On Jun 17, 2007, Daniel Hazelton <[email protected]> wrote:
> On Sunday 17 June 2007 01:09:01 Alexandre Oliva wrote:
>> On Jun 17, 2007, Linus Torvalds <[email protected]> wrote:
>> > On Sat, 16 Jun 2007, Alexandre Oliva wrote:
>> >> I've already explained what the spirit of the GPL is.
>> >
>> > No. You've explained one thing only: that you cannot see that people
>> > don't *agree* on the "spirit".
>>
>> They don't have to.
>>
>> Just like nobody but you can tell why you chose the GPLv2, nobody but
>> RMS can tell why he wrote the GPL. And the intent behind writing the
>> GPL is what defines its spirit.
> "Charging for programs is an crime against humanity"
Assuming he actually said that, I have no doubt that it would
pre-dates by far even the Free Software Definition, let alone the GPL.
> See, you can't even keep the FSF's "Free Software Definition" and its
> inherent "religion" out of the discussion.
Of course not.
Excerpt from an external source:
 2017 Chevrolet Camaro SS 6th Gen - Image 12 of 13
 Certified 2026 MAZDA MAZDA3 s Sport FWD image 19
That's what the spirit of the GPL is all about. And
the spirit of the GPL is what the discussion is all about for me.
> Sure, the FSF can claim that the GPL is intended as a way to
> "defend" the "Four Freedoms" defined *BY* *THEM*, but unless alluded
> to in the license, the only bearing it can have, anywhere, is on the
> "intent" of the license, as seen by the FSF.
Exactly! And since the *Free* *Software* Foundation wrote the
license, and documented the goals in the preamble, referring to
keeping *free* *software* *free*, it is quite safe to say that this
*is* indeed the intent, the spirit of the GPL.
> And if the "ability to run a "covered work" on any piece of hardware
> is "freedom 0" then binary distribution is in violation of the
> "spirit" - I can't run an x86 binary on a PPC. Isn't that a
> "designed in hardware restriction" that violates the "spirit" of the
> license ?
It's not. freedom and ability have two very different meanings.
Freedom to run the software for any purpose means that people won't
stop you from doing that. It may take you some work, such as porting
the software, rebuilding it, etc. But if, at the end of that effort,
you find that it will run on your development machine, but not in a
machine where the original software runs on, and that's because the
manufacturer imposed prohibitions on running unauthorized versions of
the software, then the manufacturer of the hardware is very clearly
disrespecting your freedom #0 WRT that software.
Demanding the ability to run the software for any purpose, without any
effort whatsoever, would indeed be nonsensical.
(BTW, covered work is a legal term, only present in the legal portion
of the license, which I'm actively avoiding, because I'm not a lawyer,
and my point is about the spirit. but I'm sure I wrote that before
;-)
>> > I'd be stupid to select the worse of two licenses, wouldn't I?
>>
>> Yes. That's precisely why I don't understand your stance. Because I
>> expect you to be intelligent, but starting from your stated motivation
>> for choosing GPLv2, and from the consequences of the anti-tivoization
>> provisions, you'd satisfy your motivations better with v3.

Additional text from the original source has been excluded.